Sula 1965 Summary

  • It's now almost twenty-five years later, and Nel senses how much has changed. She doesn't really know any of the new residents of the Bottom, and she thinks about how "different" the younger generation is (1965.2).
  • It seems she's one of the few remaining people from her era, except for Eva, whom she decides to visit in the senior home one afternoon.
  • Much has changed since Nel has last seen Sula's grandmother. Eva no longer bothers to dress up her one good leg, and she now has "milk-dull eyes" and "floppy lips" (1965.14). She seems to be suffering from some form of dementia as she stands and irons clothes that aren't really there. But she remembers who Nel is, and their meeting takes a nasty turn.
  • Eva accuses Nel of throwing Chicken Little into the river, and when Nel tries to correct her and tells her that it was Sula, Eva seems in total control of her faculties and says, "What's the difference? You was there. You watched, didn't you? Me, I never would've watched" (1965.35).
  • Nel keeps trying to convince Eva that it wasn't her fault, but Eva won't listen. She starts calling Nel by Sula's name and she declares that there, "Never was no difference between [them]" (1965.49). This obviously upsets Nel, so she leaves quickly, but she can't stop thinking about that day by the river.

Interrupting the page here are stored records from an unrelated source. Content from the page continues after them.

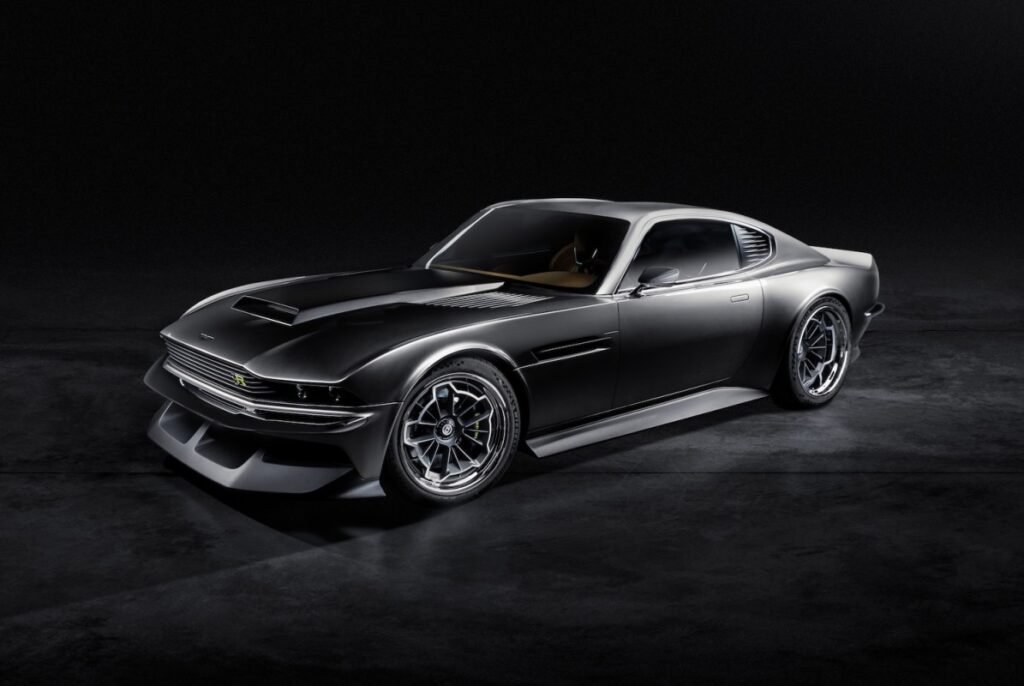 Ringbrothers Reinvents the Classic Aston Martin DBS as Octavia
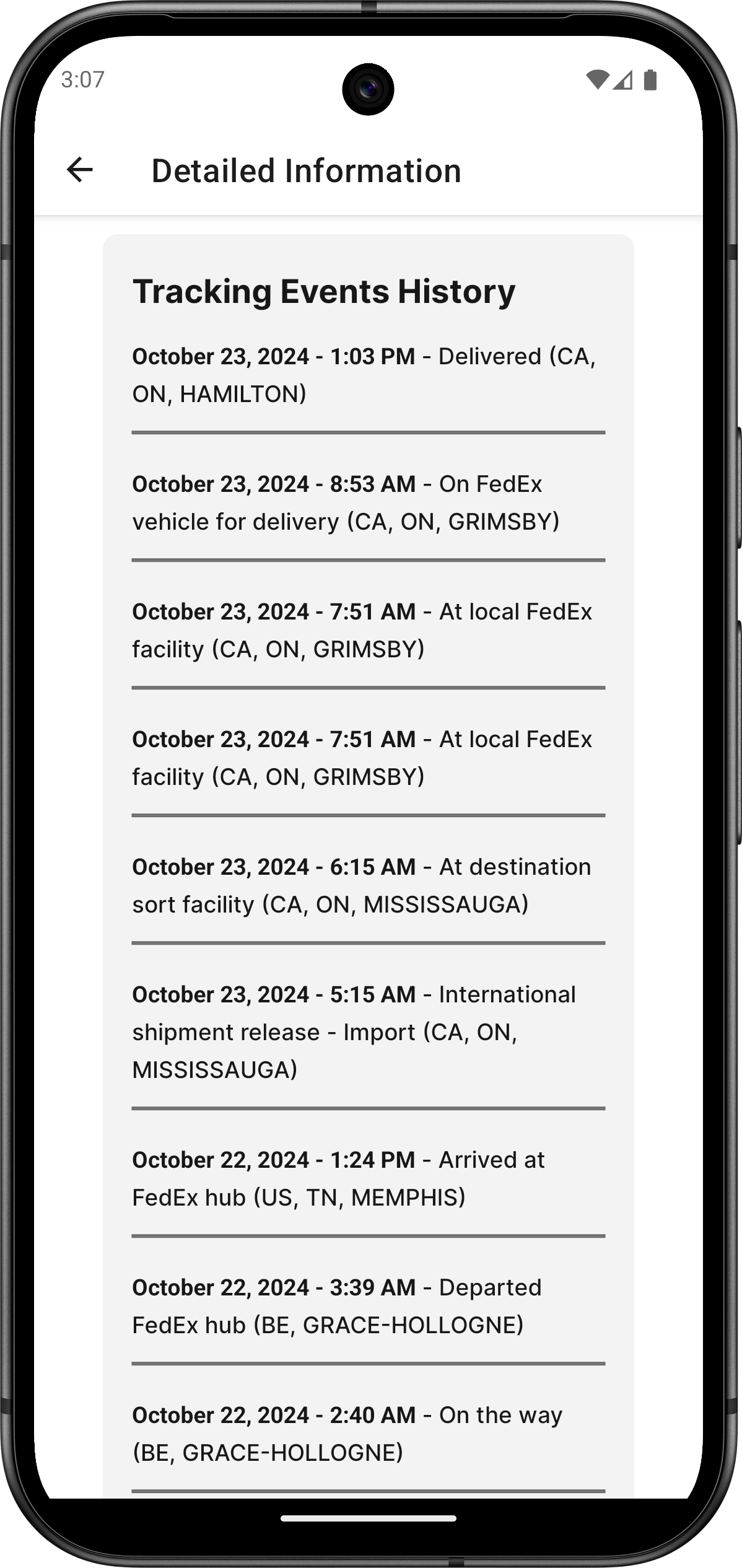 GitHub - am133/parcel-tracking-app: A React Native app for seamless ...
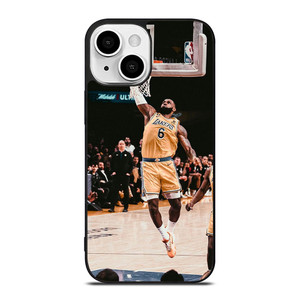 LEBRON JAMES 6 LA LAKERS DUNK iPhone 13 Mini Case Cover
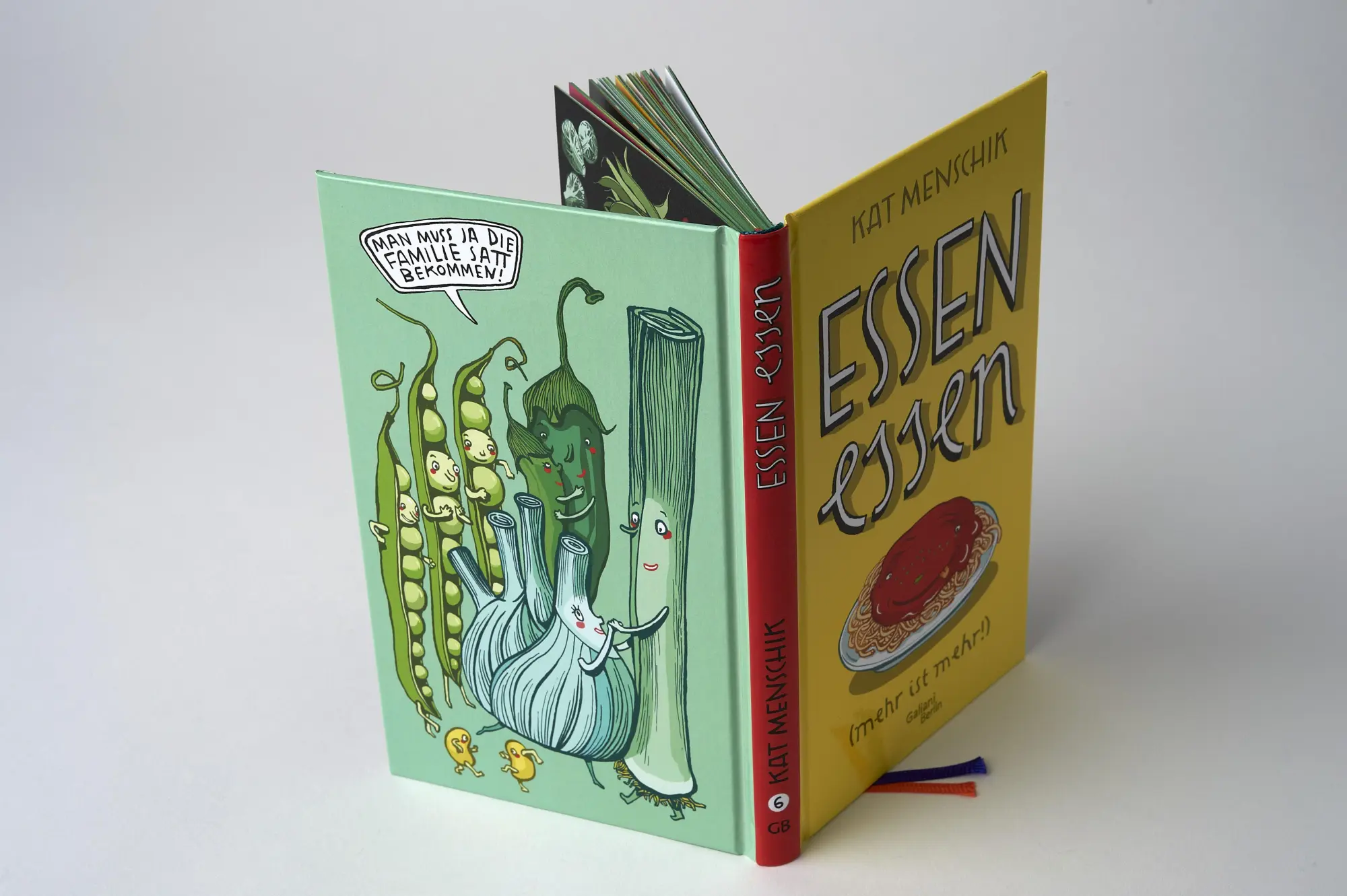 Bild: 9783869711836 | Essen essen | (mehr ist mehr!) | Kat Menschik | Buch | 112 S. | 2019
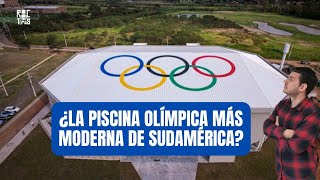 LA NUEVA PISCINA OLÍMPICA rumbo a ASUNCIÓN 2025 [upl. by Moscow259]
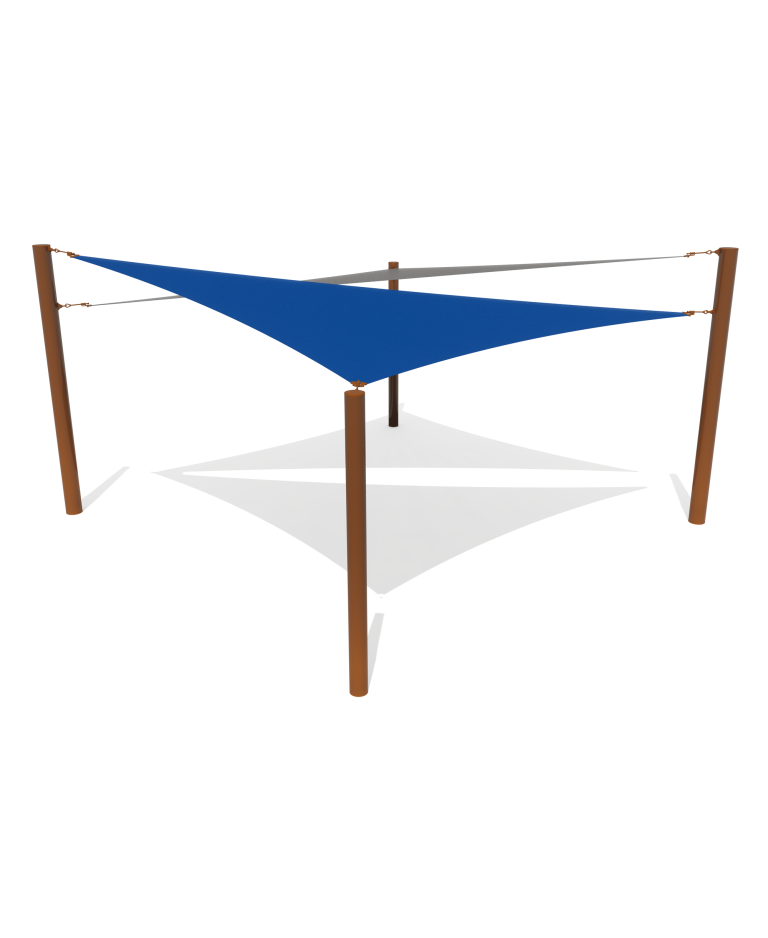 25' x 25' x 35' x 12' Multi-Sail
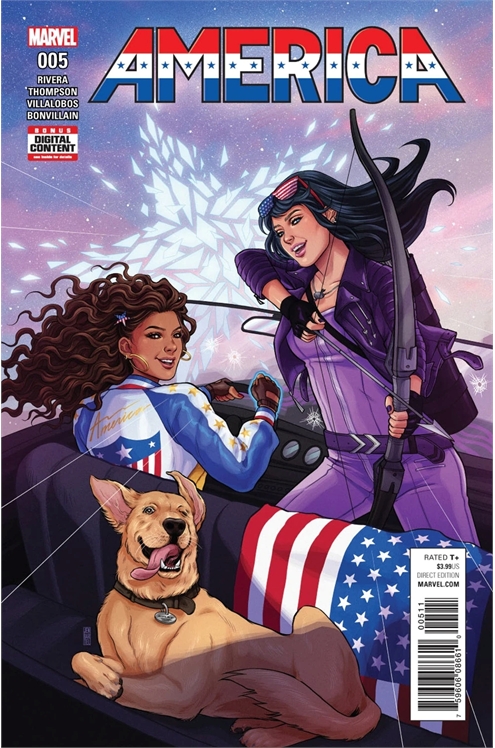 America Volume 1 #5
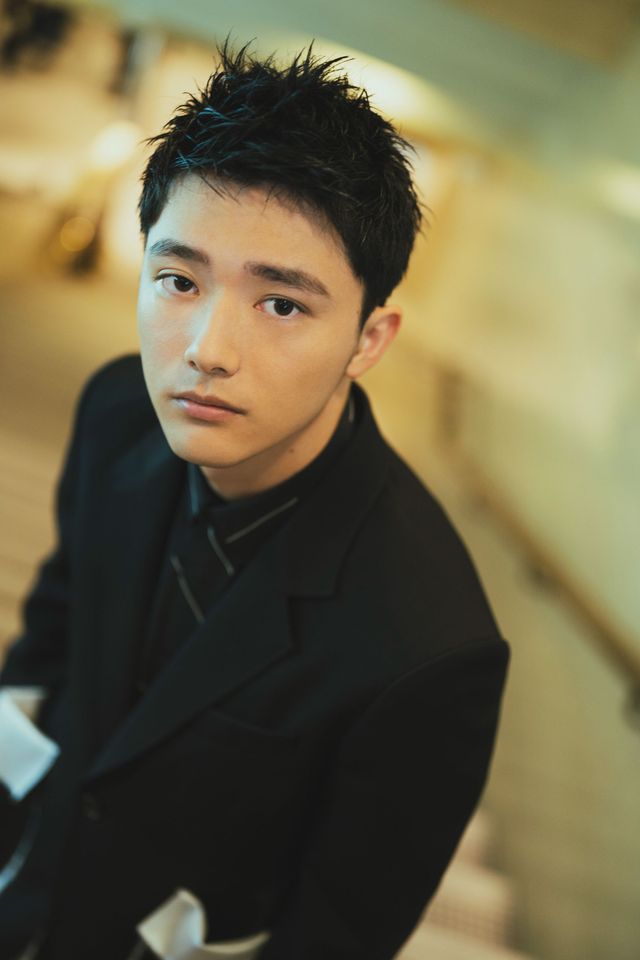 惹きこまれる魅力！櫻井海音　映画『嘘喰い』インタビューカット（10枚目）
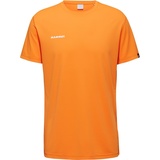 Mammut Massone Sport T-shirt Men, dark tangerine, M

  • And then we learn something surprising: Nel was the one who decided they shouldn't tell anyone what happened. And she's the one who felt "contentment" and "enjoyment" (1965.58) when Chicken Little never came up from the water.
  • Nel makes her way over the "colored part" (1965.59) of the cemetery where Sula is buried.
  • She starts to think about the sad circumstances surrounding Sula's death. She remembers that no one came to view the body, and no one "sen[t] flowers from the church or bake[d] a yellow cake" (1965.63). She remembers being "the only black person" at Sula's burial (1965.65). It wasn't until after the ceremony, "until [after] the white folks left—the gravediggers, Mr. and Mrs. Hodges, and their young son who assisted them" (1965.65) that the townspeople entered the cemetery and sang over Sula's grave.
  • These memories all make Nel very sad for Sula.
  • After leaving the cemetery, she sees Shadrack. He recognizes her but can't quite place her, and he eventually stops trying.
  • As Nel and Shadrack walk away from each other, they both are "thinking separate thoughts about the past" (1965.68).
  • But suddenly, Nel calls out Sula's name and things start to happen around her. "Leaves stirred; mud shifted; there was the smell of overripe green things. A soft ball of fur broke and scattered like dandelion spores in the breeze" (1965.71).
  • Nel finally realizes that it isn't Jude that she's been so sad about all these years; it's Sula. She finally cries the way she couldn't when she found Jude and Sula together. "It was a fine cry—loud and long—but it had no bottom and it had no top, just circles and circles of sorrow" (1965.73).